» **What you will do**
Return the data below unaltered, but strip out the pictures.

» **Raw data**

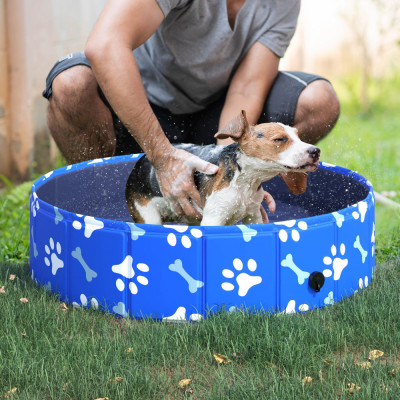 PawHut Piscina pentru C&amp;acirc;ini cu greutatea p&amp;acirc;nă la 25kg din Plastic pentru Grădină &amp;Phi;80x20cm foto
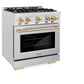 ZLINE Autograph Edition 30 in. 4.2 cu. ft. Select Gas Range with 4 Burner Cooktop and Convection Gas Oven in Satin Stainless Steel and Polished Gold Accents, Open Box-Great Condition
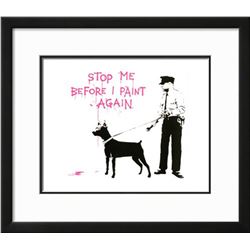 Banksy "Stop me before I paint again" Custom Framed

» **Result for this task**
 PawHut Piscina pentru C&amp;acirc;ini cu greutatea p&amp;acirc;nă la 25kg din Plastic pentru Grădină &amp;Phi;80x20cm foto
 ZLINE Autograph Edition 30 in. 4.2 cu. ft. Select Gas Range with 4 Burner Cooktop and Convection Gas Oven in Satin Stainless Steel and Polished Gold Accents, Open Box-Great Condition
 Banksy "Stop me before I paint again" Custom Framed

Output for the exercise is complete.